How close is Rick Perry to winning the Republican nomination?
Though Texas Gov. Rick Perry has been in the race for the Republican nomination for president for only two-and-a-half weeks, John Ellis of Business Insider thinks the nomination is his to lose. He games out the primary calendar:
He leads in Iowa and he hasn’t even really campaigned there yet. He’s running second in New Hampshire, which is all he needs to do. And he’s running comfortably ahead in South Carolina (again, without much campaigning), which is the gateway to the South.
The South is the base of the modern Republican Party. Perry has become, in less than a month, the Southern states’ de facto favorite son…
Once Labor Day has passed, there will be five debates, in quick succession, on the GOP presidential candidates’ calendars. These will be important tests for Perry. If at the end of two or three, it’s clear that he’s every bit the equal of Mitt Romney on matters of policy and politics, then the Perry juggernaut becomes all but unstoppable. Romney’s “I’m the only electable one” argument will vanish and the party’s base will nominate one of their own. If Perry stumbles badly in the debates, Romney’s campaign gets a second wind.

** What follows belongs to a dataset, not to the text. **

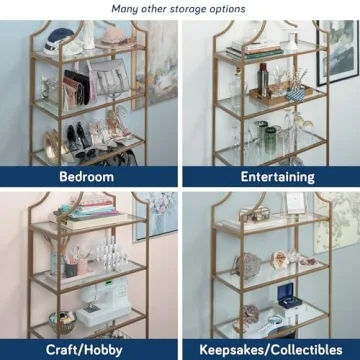 Sauder International Lux Bookcase with Glass Shelves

Romney also has advantages in early primary states of Michigan and Nevada thanks to his father being governor of the former and the high Mormon population in the latter. But Ellis is convincing about the South. Perry has never lost an election, but he’s never run outside of Texas. Ellis suggests New Jersey Gov. Chris Christie as a vice-presidential candidate, but Christie has rejected the idea.
Meanwhile Ben Smith and Maggie Haberman of Politico report on how a Perry nomination could “wake up the left”in a way Mitt Romney — former governor of Massachusetts — or President Obama could not.